8ー3
学校が終わると、門のところでロイヤルミルクティ国の馬車が止まっていた。
あたしの姿を認めるなり、馬車からジョシュアが降りてくる。
「とにかく話を。ユイニャンは悪いが一人で帰ってくれないか?」
「はい、かまいません。それじゃあ、ミカリン。またね」
「う、うん。またね」
なんとなく返事をしてユイニャンに帰ってもらうと、ジョシュアにエスコートされて馬車に乗る。
こやつめ、いつの間にエスコートすることを覚えたんだ?
「行ってくれ」
ジョシュアが言うと、御者台に座ったジェインさんが馬車を走らせる。
「突然の訪問、驚かせてすまない」
「いいけど。
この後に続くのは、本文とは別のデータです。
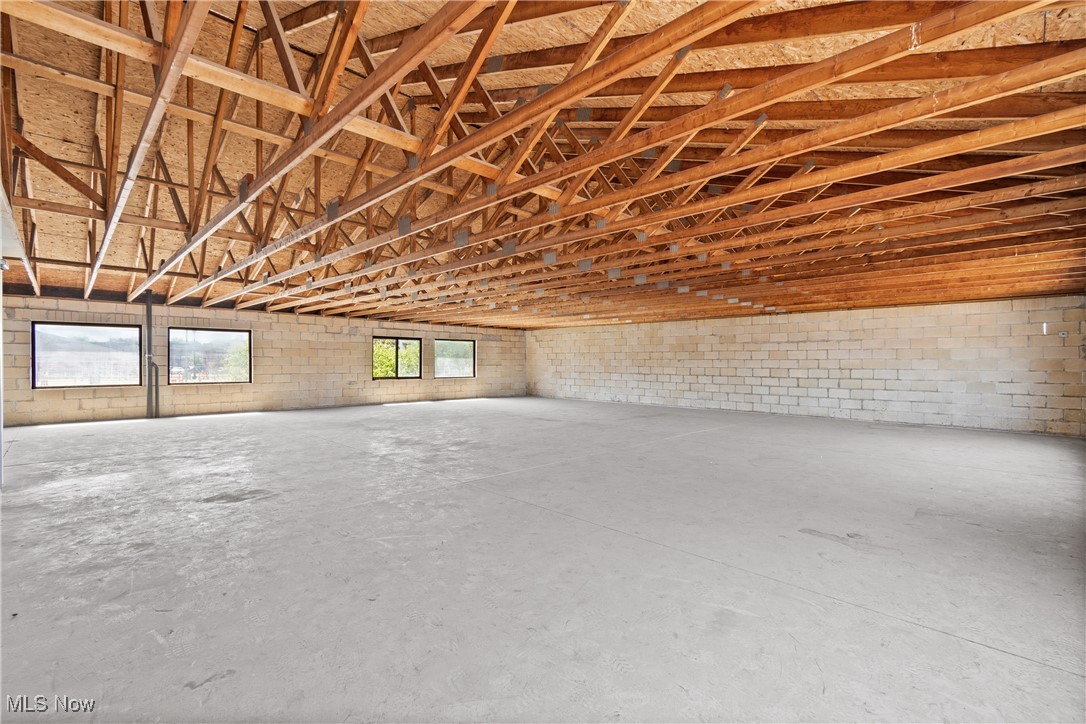 Massillon - Commercial Sale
わざわざ学校に来なくたっていいじゃん?」
「だが、その学校を休ませることになるわけだから、事前準備が必要になる」
難しいことばを使ったって、その手に乗るもんですかっ。
「冒険の旅に出るってどういうこと? ユイニャンを誘わなかったことから、あたしにだけ関係があるってこと?」
「そうだな。ユイニャンにはあまり関わってほしくないんだ」
「そっか。じゃあ魔女絡みってことね?」
「話が早くて助かる」
ジョシュアはめずらしく笑顔を浮かべている。ジョシュアの機嫌がいいのってめずらしいから気持ち悪いんだけど。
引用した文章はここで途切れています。